*** Extracted records

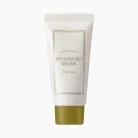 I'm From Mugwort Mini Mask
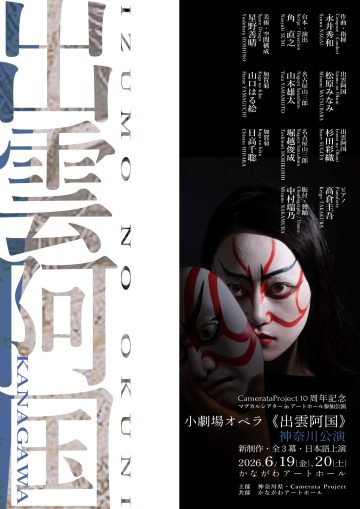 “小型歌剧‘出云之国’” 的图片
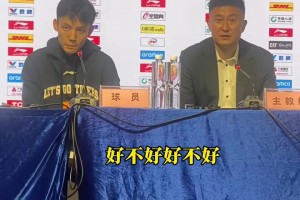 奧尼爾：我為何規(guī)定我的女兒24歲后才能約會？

******
*** Extracted records

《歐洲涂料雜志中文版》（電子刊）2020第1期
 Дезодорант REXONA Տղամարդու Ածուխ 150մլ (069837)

******
*** Extracted records

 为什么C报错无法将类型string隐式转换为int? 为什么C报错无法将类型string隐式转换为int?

******

* _Task brief_:
Using the records above, print exactly the run of lines that starts with the line with "I'm From Mugwort Mini Mask" and goes on through the line with "奧尼爾：我為何規(guī)定我的女兒24歲后才能約會？", pictures excluded.

* _Expected answer_:
 I'm From Mugwort Mini Mask
 “小型歌剧‘出云之国’” 的图片
 奧尼爾：我為何規(guī)定我的女兒24歲后才能約會？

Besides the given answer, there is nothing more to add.